Data for review
.....
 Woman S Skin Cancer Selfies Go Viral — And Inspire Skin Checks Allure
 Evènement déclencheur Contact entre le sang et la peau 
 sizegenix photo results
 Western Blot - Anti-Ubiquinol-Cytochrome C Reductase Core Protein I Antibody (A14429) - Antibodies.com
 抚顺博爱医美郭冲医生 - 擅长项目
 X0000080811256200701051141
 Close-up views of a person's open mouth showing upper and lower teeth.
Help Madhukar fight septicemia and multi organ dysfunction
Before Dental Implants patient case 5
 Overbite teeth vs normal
.....
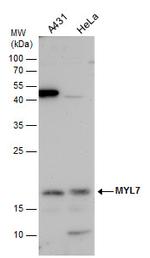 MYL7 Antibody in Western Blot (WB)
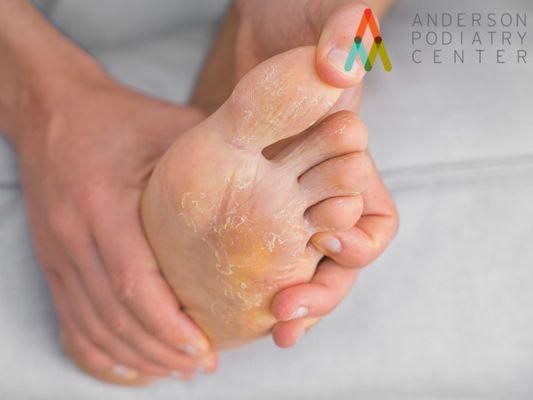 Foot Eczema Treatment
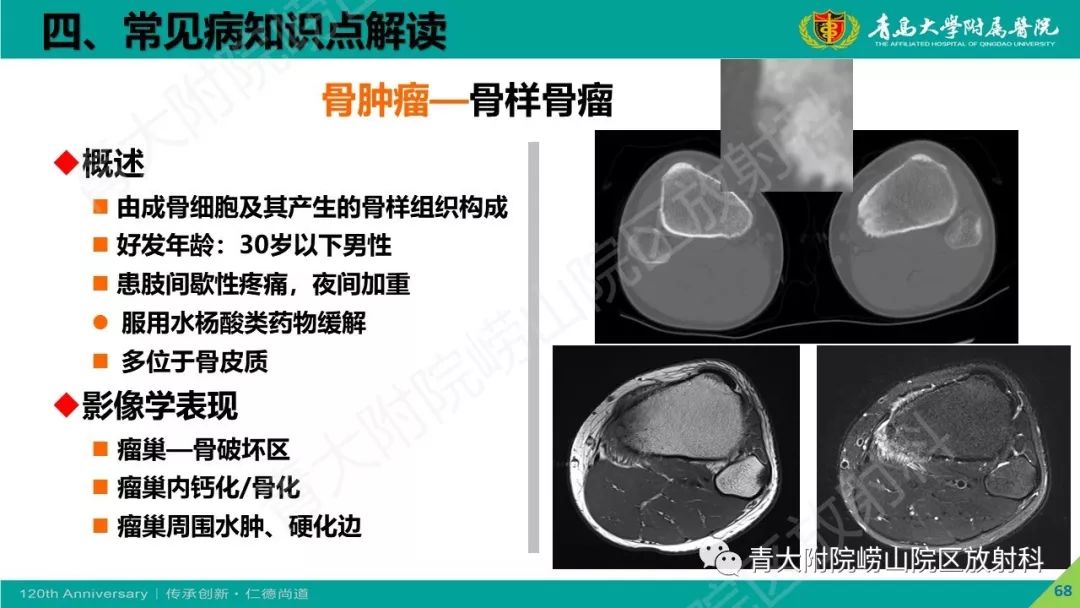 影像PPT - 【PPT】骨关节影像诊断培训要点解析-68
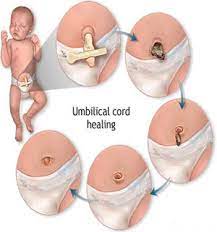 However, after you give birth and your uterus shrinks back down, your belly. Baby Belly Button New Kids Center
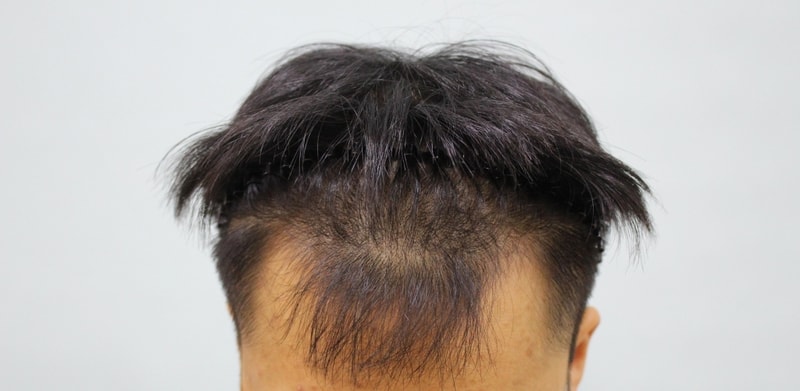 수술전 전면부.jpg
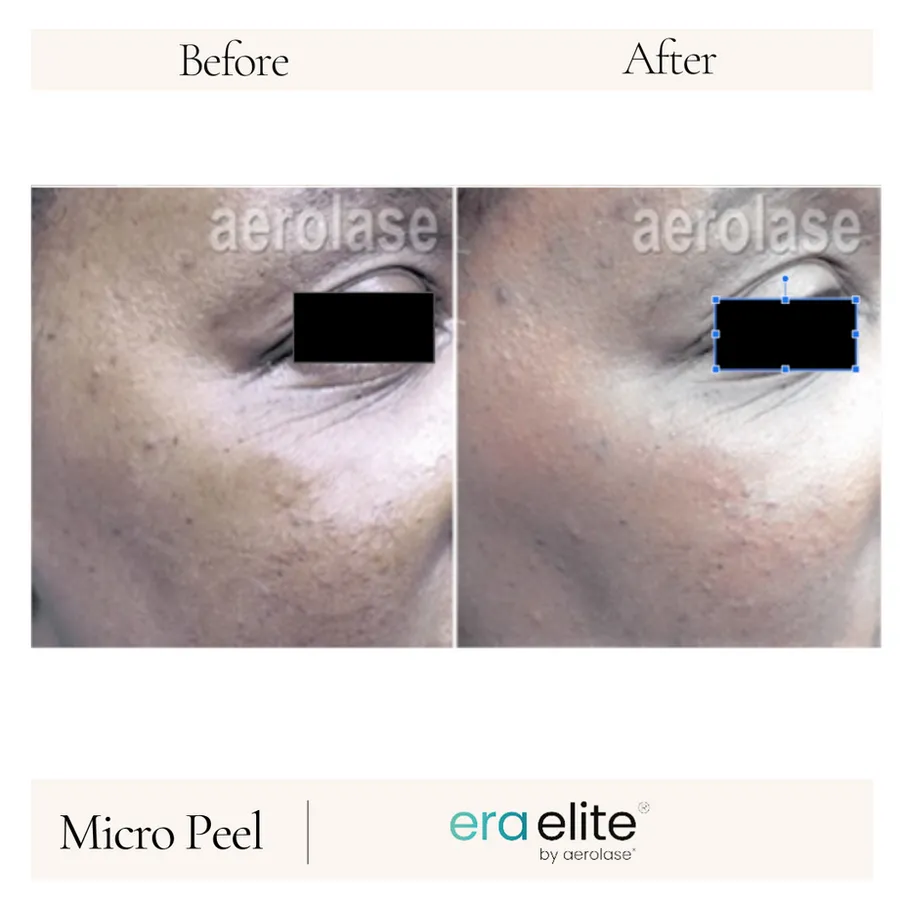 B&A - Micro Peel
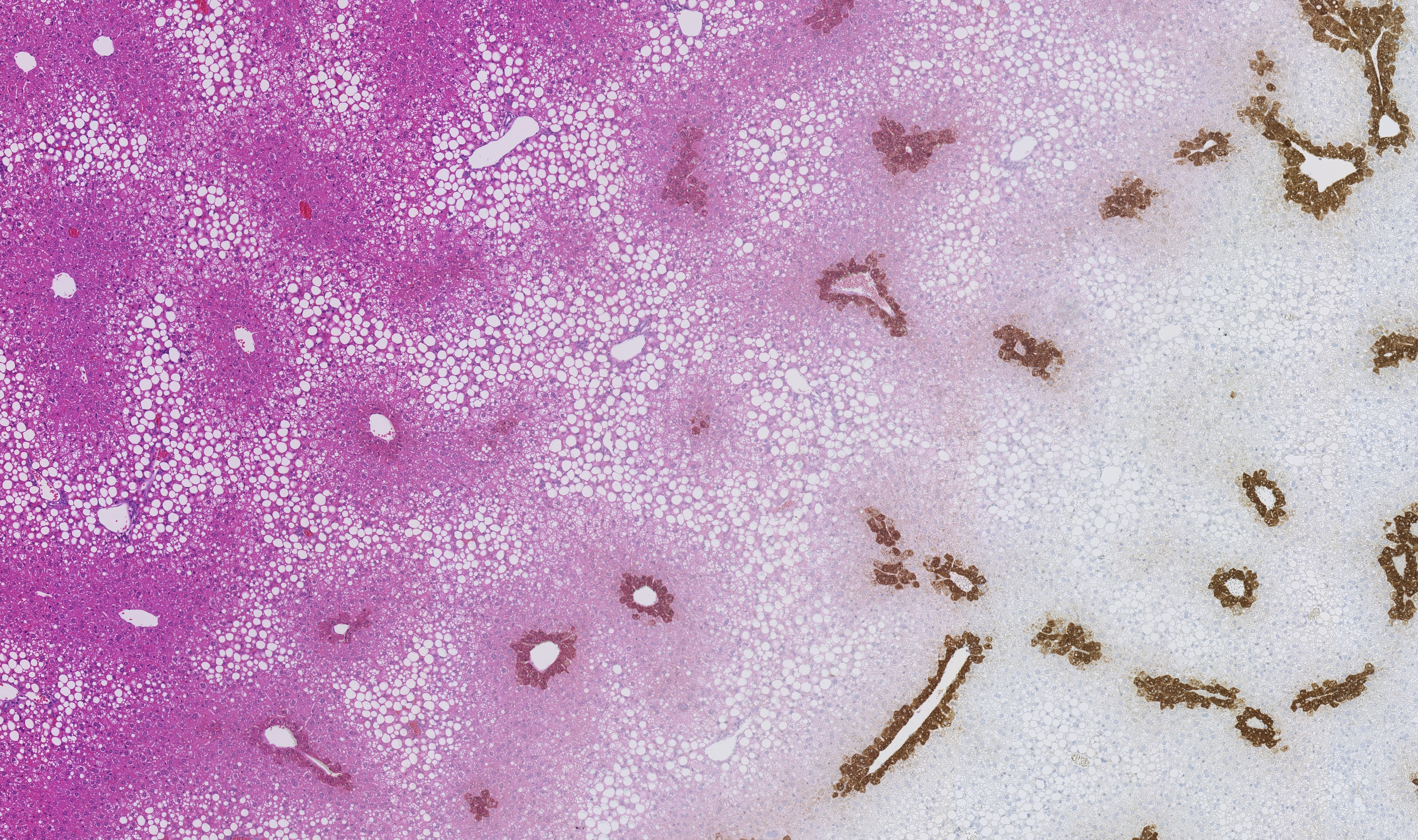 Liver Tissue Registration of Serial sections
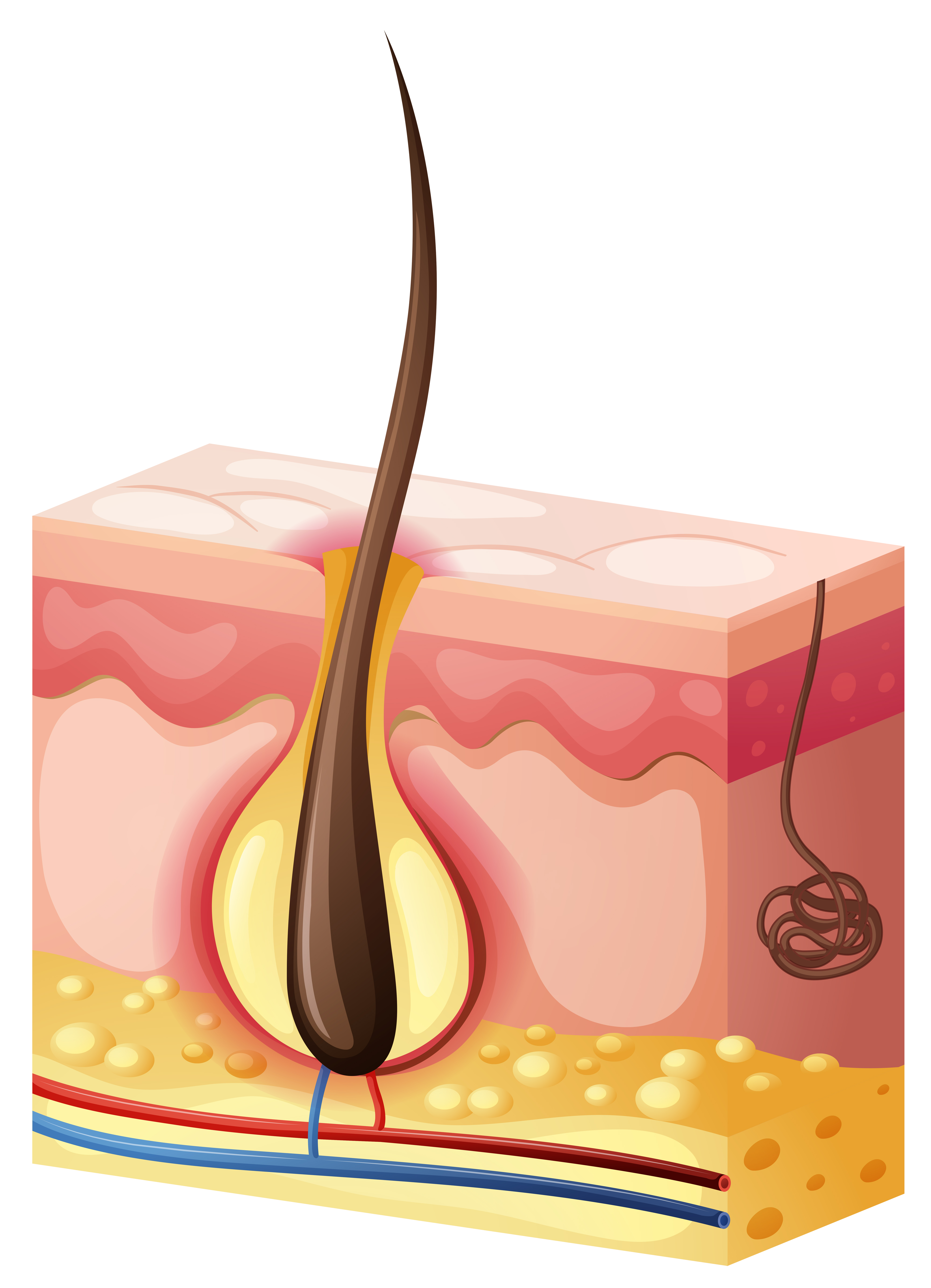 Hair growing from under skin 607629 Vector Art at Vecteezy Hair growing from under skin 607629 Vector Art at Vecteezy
.....
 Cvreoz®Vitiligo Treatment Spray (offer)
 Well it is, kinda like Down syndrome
.....
Going back over the entries above, copy word for word every line from the one that has "Help Madhukar fight" on through the one that has "Overbite teeth vs normal".

Exercise solution
Help Madhukar fight septicemia and multi organ dysfunction
Before Dental Implants patient case 5
 Overbite teeth vs normal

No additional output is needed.